As you can see, the class was almost evenly split on this question, with the majority of them not very confident in their answers.  This told me that we should spend more time on the question, so I had them discuss the question in pairs and re-vote.  During the pair discussion, one of my students, let’s call him Jack, asked, “When you say eigenvalue, you mean just real eigenvalues, right?”  That kind of gave away the question, since I was asking this question to see if students would remember that eigenvalues can be complex numbers.  We saw a linear transformation in the previous class that had no real eigenvalues but did have complex eigenvalues, so this should have been on their radar.  However, we also saw a useful way to visualize the effects of real eigenvalues.  That method doesn’t work for complex eigenvalues, so it’s likely that some students weren’t considering complex eigenvalues when they answered this question since we didn’t have a tool for visualizing them.

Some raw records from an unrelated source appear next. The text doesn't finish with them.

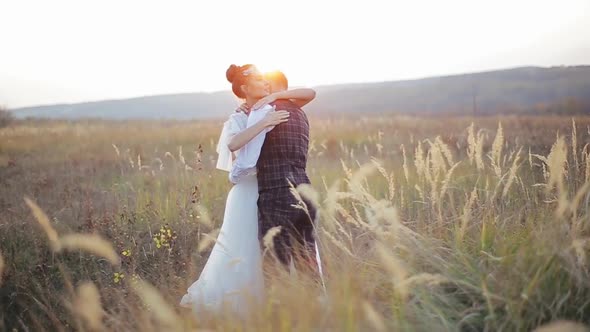 Shooting of Happy Young Caucasian Wedding Couple Which Hugging and Kissing in a Deserted Spikelet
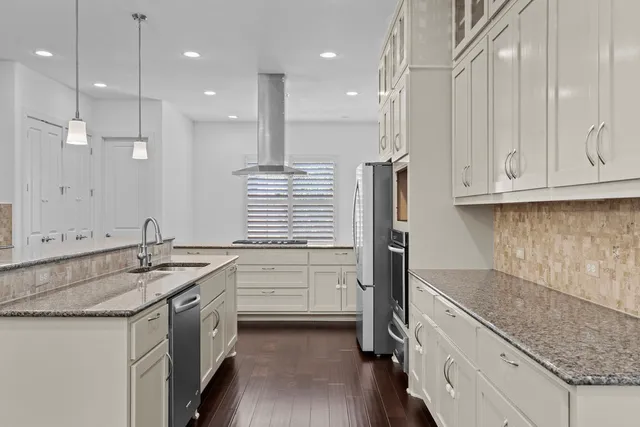 a kitchen with stainless steel appliances granite countertop a sink a stove and a refrigerator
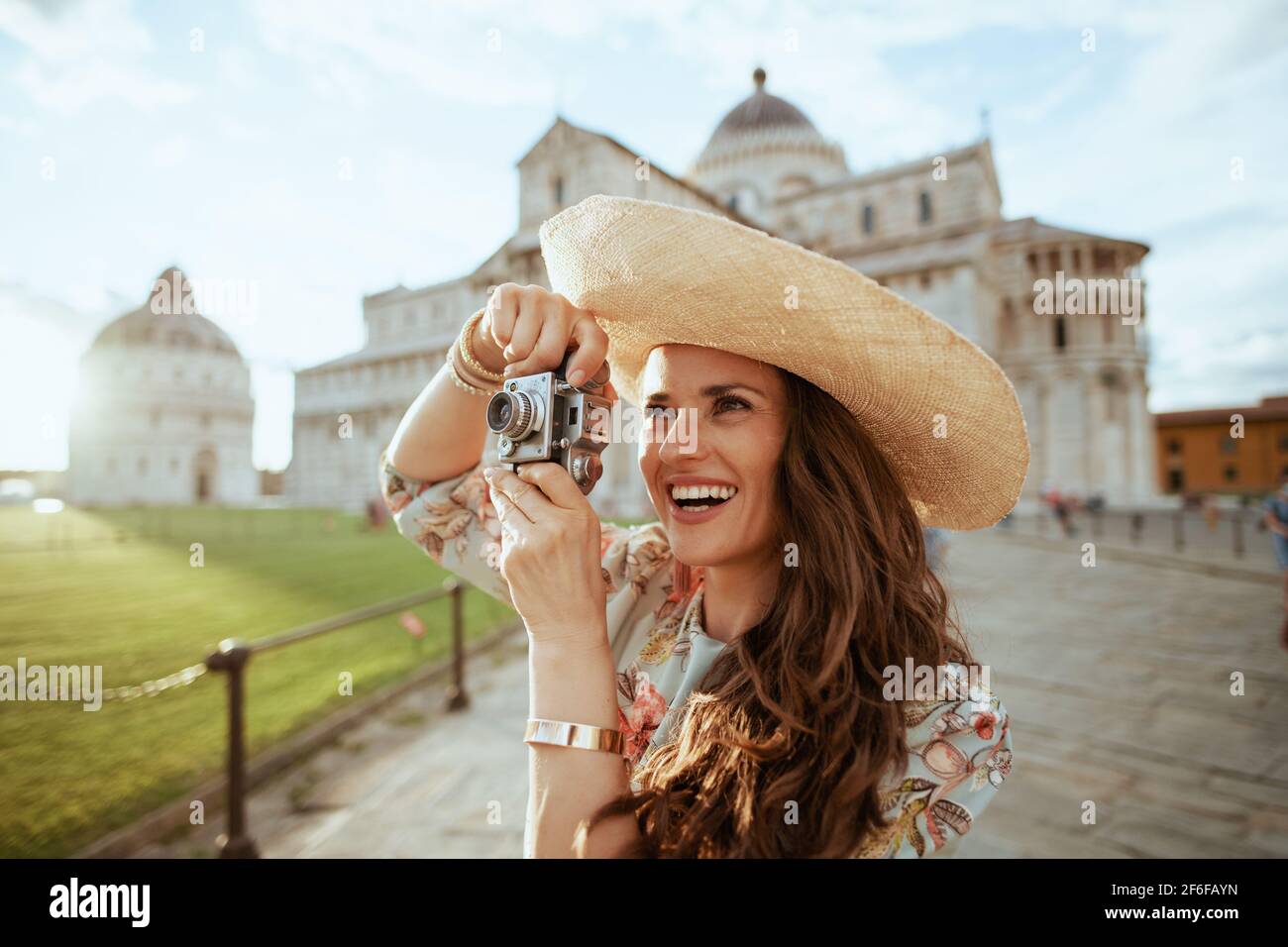 Lächelnde moderne Frau in Blumenkleid mit Retro-Kamera und Hut auf der piazza dei miracoli in Pisa, Italien. Stockfoto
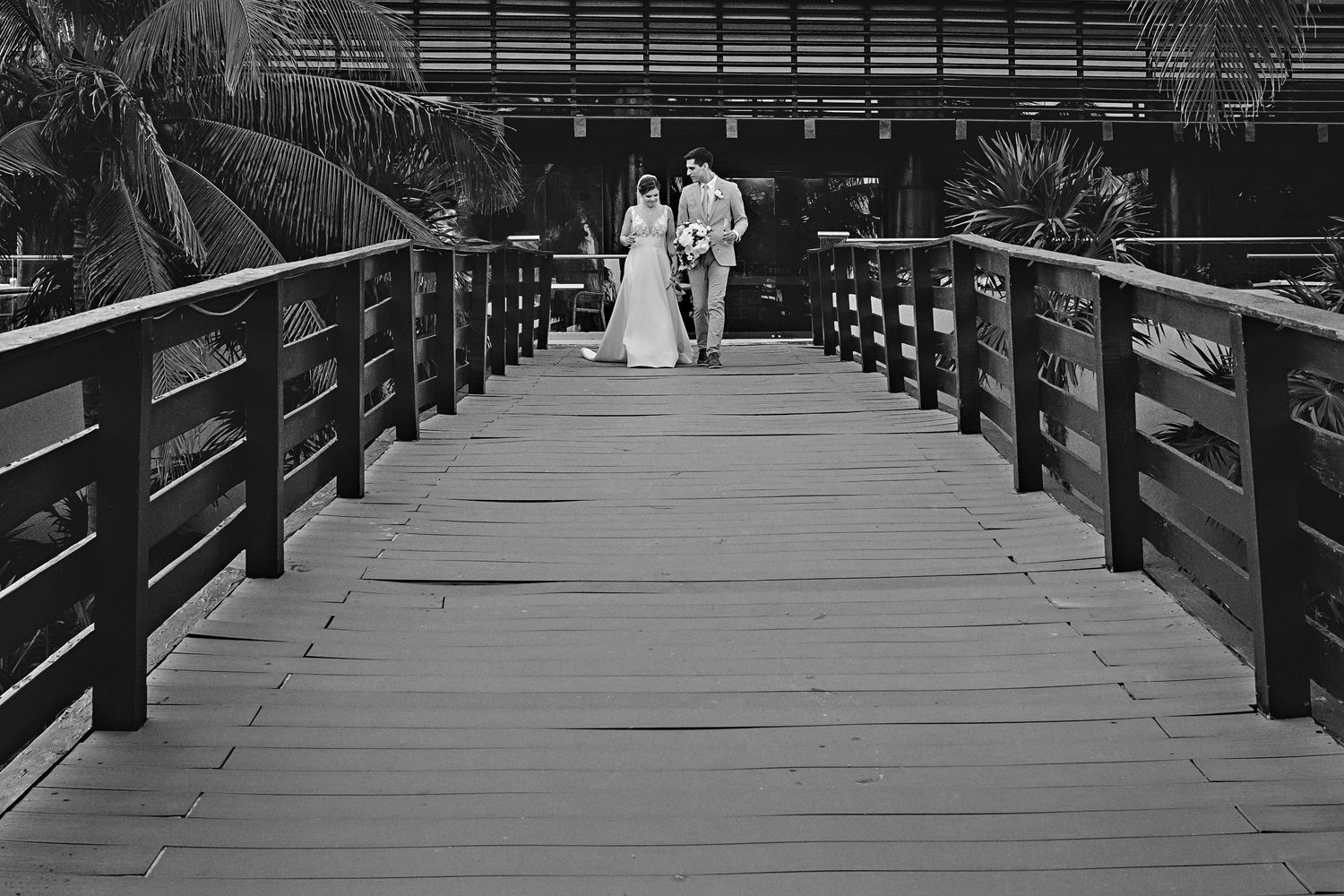 Black and white photo of a bride and groom walking away on a wooden boardwalk lined with railings and palm trees.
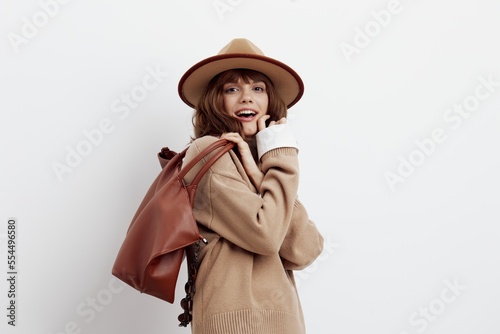 an excited woman posing on a light background in a shirt, sweater and hat leaned forward a little holding a bag behind her back smiling cheerfully
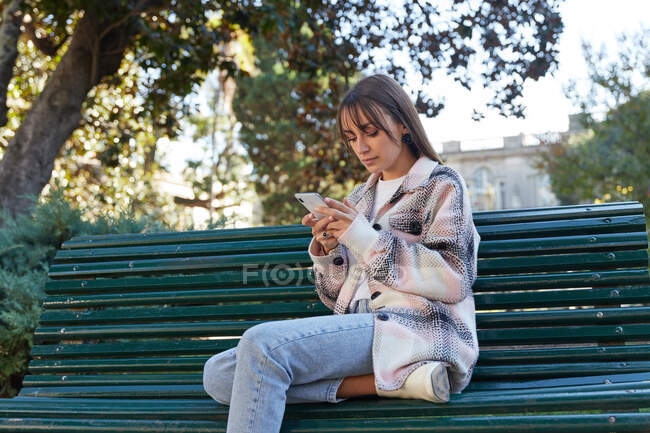 Moderna hembra milenaria en elegante atuendo de primavera sentada en el banco y navegando en el teléfono móvil mientras descansa en la calle urbana mirando hacia otro lado - foto de stock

Here are the results of the second vote, “tainted” by Jack’s question:

clipboard02

As you can see, most of the students went with Jack on this one, asserting that the standard matrix must have (possibly complex) eigenvalues and feeling confident in this assertion.  This is a reasonable assertion because every matrix of size n x n must have exactly n eigenvalues, counting complex ones and allowing for multiplicity.  That was an assertion I made a couple of class sessions ago.

So far, so good.  I was disappointed that Jack had “spoiled” the question, but it still helped make the point I had intended it to make.  Then one of my other students, let’s call her Juliet, asked, “What if the standard matrix isn’t square [that is, what if isn't n x n]?  Then it wouldn’t have any eigenvalues, right?” Good point, Juliet.  I had commented on Jack’s question that the clicker question should be read as stated, so that complex eigenvalues should be allowed.  Juliet essentially called me on that, noting that the clicker question doesn’t specify if the linear transformation in question has a square standard matrix.  In fact, linear transformations need not have square standard matrices and non-square matrices don’t have eigenvalues, so the correct answer to the clicker question is “Yes.”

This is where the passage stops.